*Pictures with short captions:*
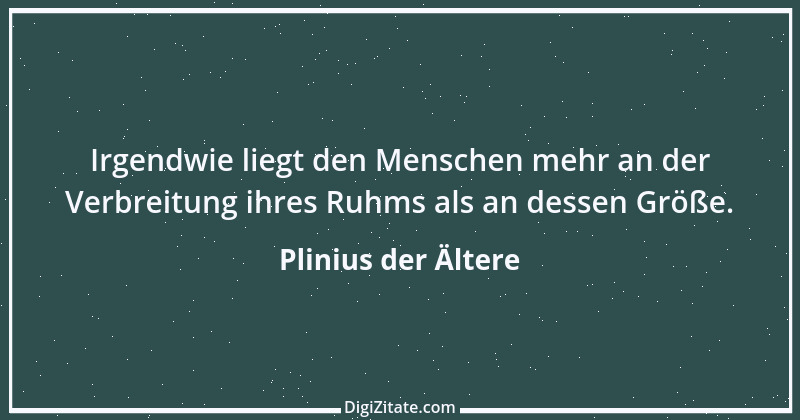 Zitat von Plinius der Ältere 8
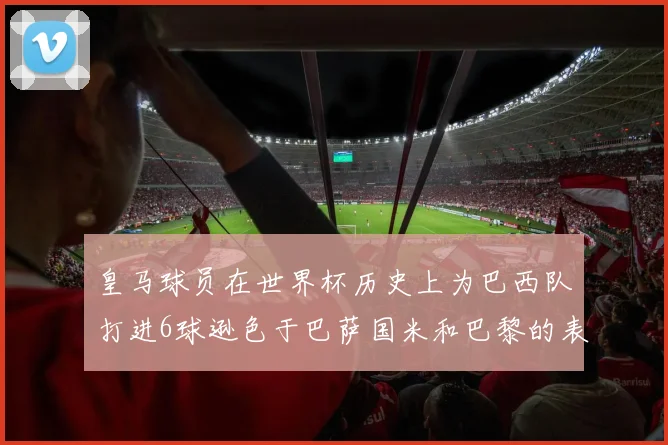 皇马球员在世界杯历史上为巴西队打进6球逊色于巴萨国米和巴黎的表现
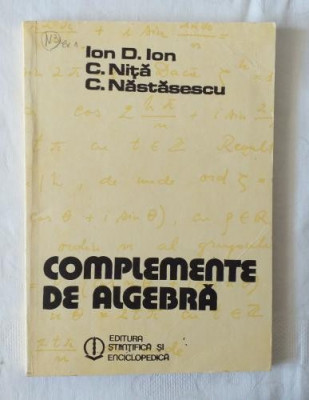 I.D.Ion C. Nita C. Nastasescu - Complemente de algebra foto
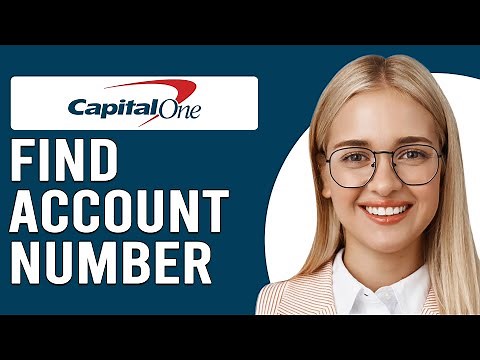 How To Find Account Number On The Capital One App (Where Can I Get my Capital One Account Number)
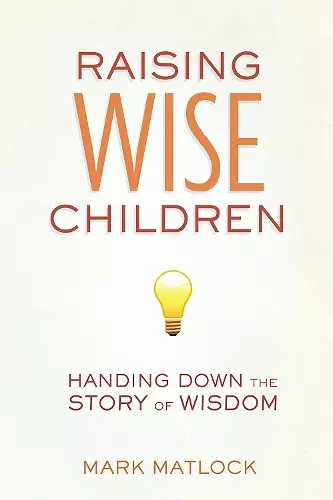 Raising Wise Children cover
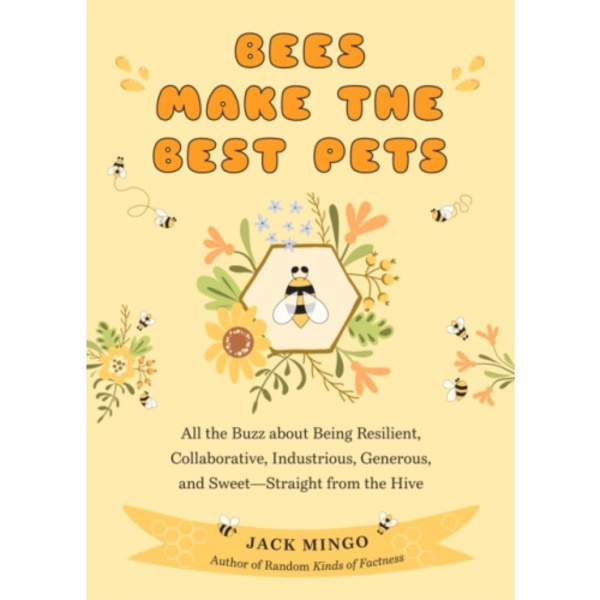 Bees Make the Best Pets (häftad, eng)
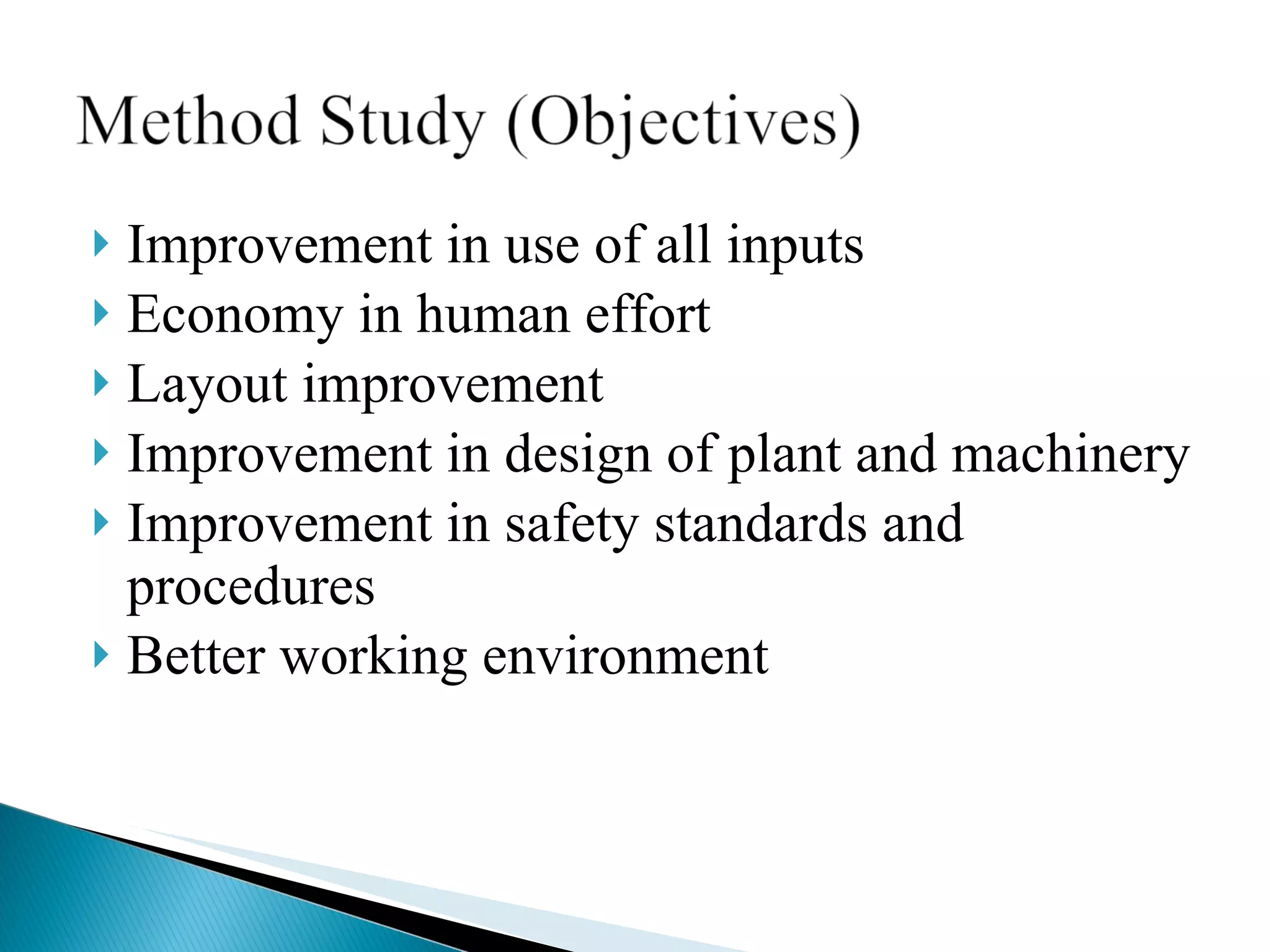 Improvement in use of all inputs Economy in human effort  Layout improvement Improvement in design of plant and machinery Improvement in safety standards and procedures Better working environment 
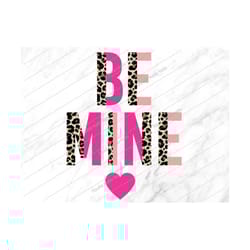be mine png, be mine sublimation, valentine png, happy valentines day, valentine shirt, valentine,valentines,png,sublima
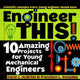 Book cover of: Engineer This!. By: Carol McBride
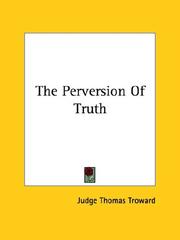 Cover of: The Perversion Of Truth
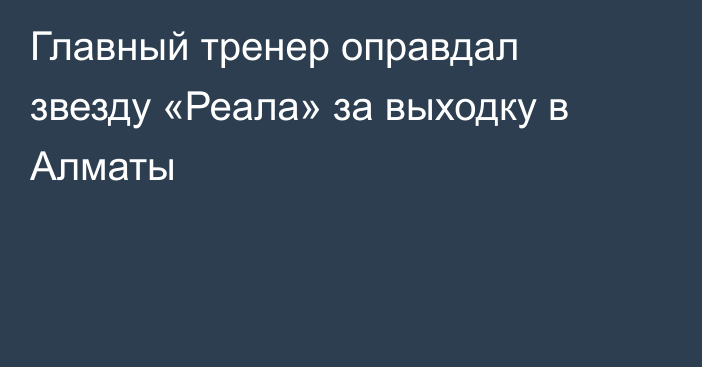 Главный тренер оправдал звезду «Реала» за выходку в Алматы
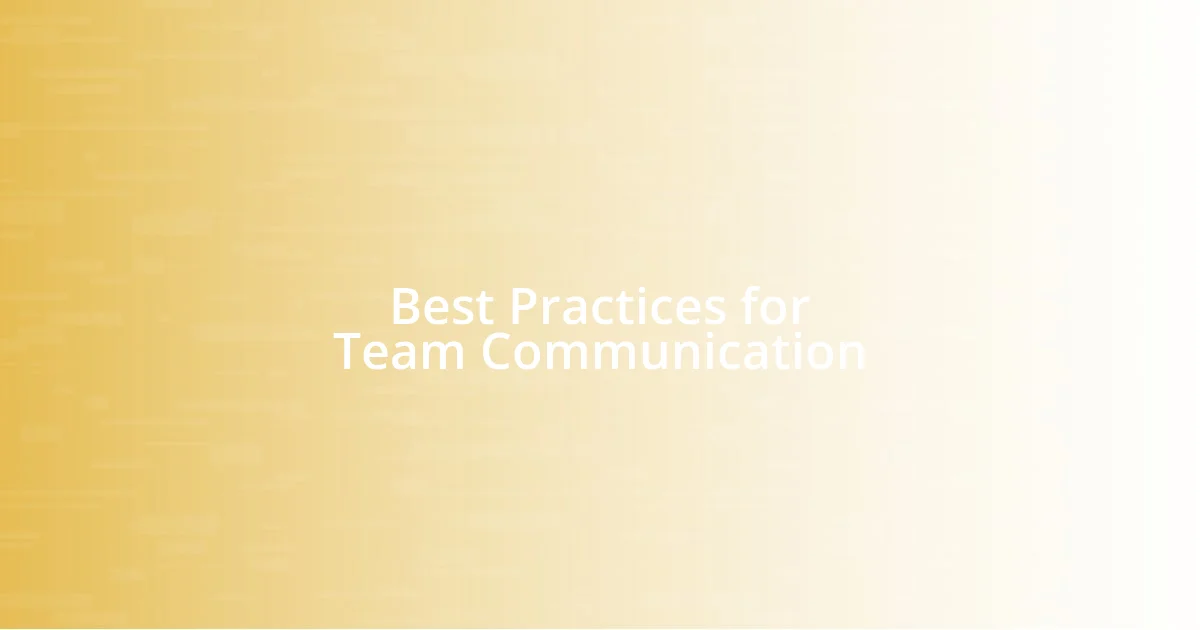 Best Practices for Team Communication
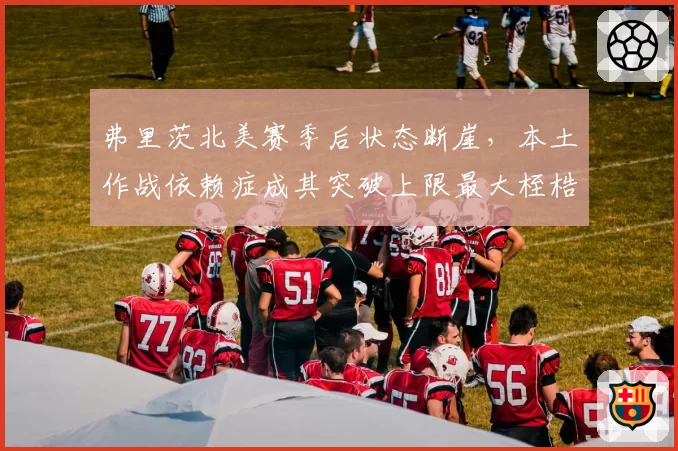 弗里茨北美赛季后状态断崖，本土作战依赖症成其突破上限最大桎梏？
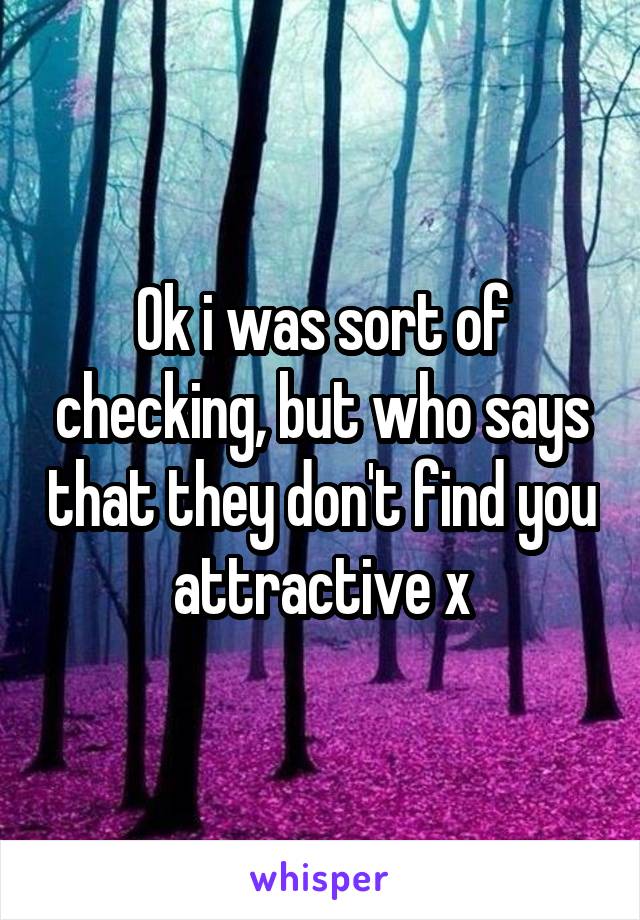 Ok i was sort of checking, but who says that they don't find you attractive x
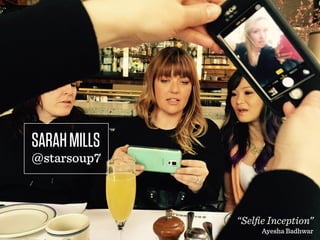 SARAHMILLS
@starsoup7
“Selfie Inception”
Ayesha Badhwar
 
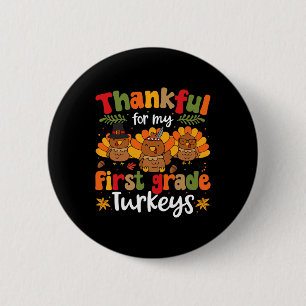 Thankful For My First Grade Turkeys Thanksgiving T 2 Inch Round Button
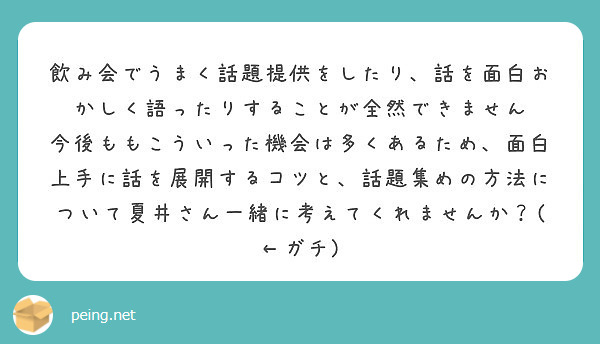 飲み会でうまく話題提供をしたり 話を面白おかしく語ったりすることが全然できません Peing 質問箱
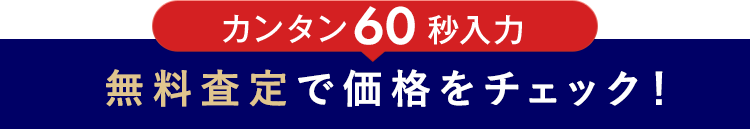 カンタン60秒入力 無料査定で価格をチェック！
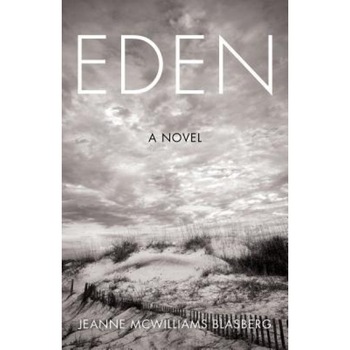 Eden, Jeanne McWilliams Blasberg (Author) Eden, Jeanne McWilliams Blasberg (Author)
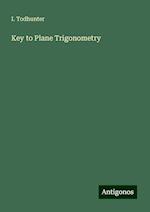 Key to Plane Trigonometry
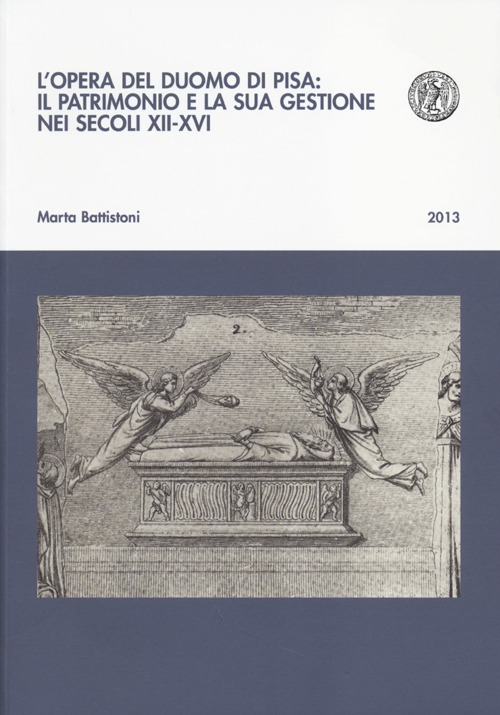 L' opera del Duomo di Pisa: il patrimonio e la sua gestione nei secoli XII-XVI Scarica PDF EPUB
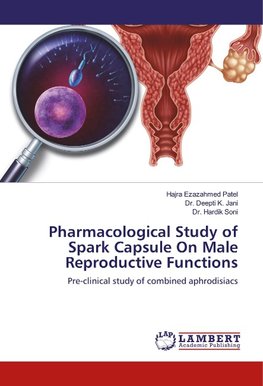 Pharmacological Study of Spark Capsule On Male Reproductive Functions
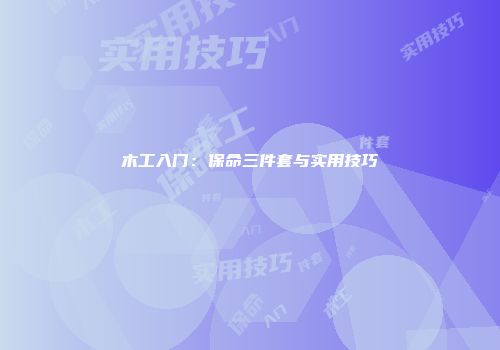 木工入门：保命三件套与实用技巧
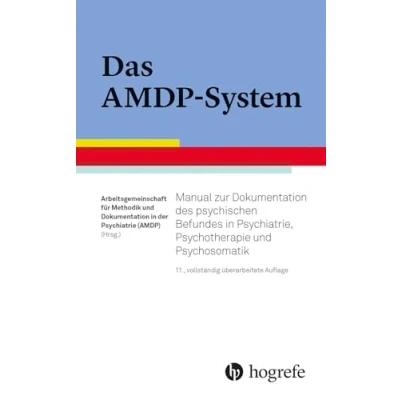 Afbeelding van Das AMDP System: Manual zur Dokumentation des psychischen Befundes in Psychiatrie, Psychotherapie und Psychosomatik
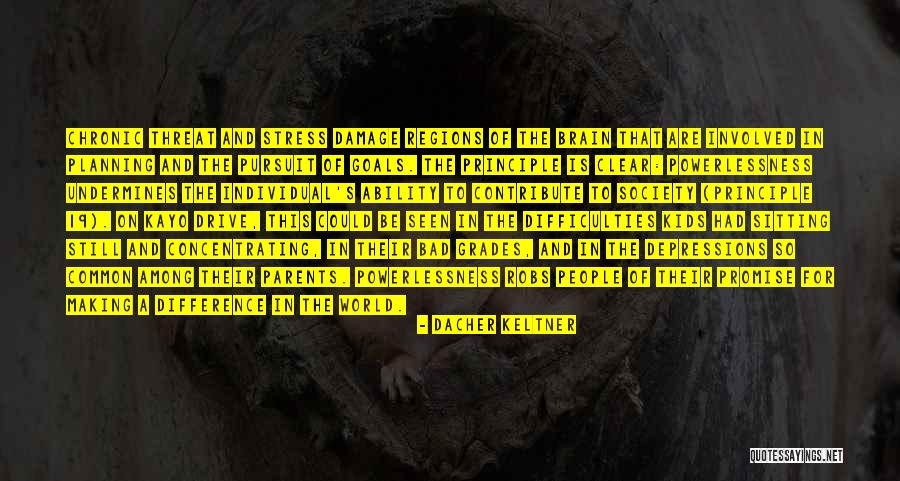 Bad Principle Quotes By Dacher Keltner Bad Principle Quotes By Dacher Keltner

*TASK DESCRIPTION:*
Only the lines above starting with the line with "How To Find" and going on through the line with "木工入门：保命三件套与实用技巧" belong in the answer; repeat them exactly, minus any picture.

*SOLUTION FOR THIS PROBLEM:*
 How To Find Account Number On The Capital One App (Where Can I Get my Capital One Account Number)
 Raising Wise Children cover
 Bees Make the Best Pets (häftad, eng)
 Improvement in use of all inputs Economy in human effort  Layout improvement Improvement in design of plant and machinery Improvement in safety standards and procedures Better working environment 
be mine png, be mine sublimation, valentine png, happy valentines day, valentine shirt, valentine,valentines,png,sublima
 Book cover of: Engineer This!. By: Carol McBride
 Cover of: The Perversion Of Truth
 Главный тренер оправдал звезду «Реала» за выходку в Алматы
 Best Practices for Team Communication
 弗里茨北美赛季后状态断崖，本土作战依赖症成其突破上限最大桎梏？
 Ok i was sort of checking, but who says that they don't find you attractive x
 SARAHMILLS
@starsoup7
“Selfie Inception”
Ayesha Badhwar
 
 Thankful For My First Grade Turkeys Thanksgiving T 2 Inch Round Button
 飲み会でうまく話題提供をしたり 話を面白おかしく語ったりすることが全然できません Peing 質問箱
 カンタン60秒入力 無料査定で価格をチェック！
 Eden, Jeanne McWilliams Blasberg (Author) Eden, Jeanne McWilliams Blasberg (Author)
 Key to Plane Trigonometry
 L' opera del Duomo di Pisa: il patrimonio e la sua gestione nei secoli XII-XVI Scarica PDF EPUB
 Pharmacological Study of Spark Capsule On Male Reproductive Functions
 木工入门：保命三件套与实用技巧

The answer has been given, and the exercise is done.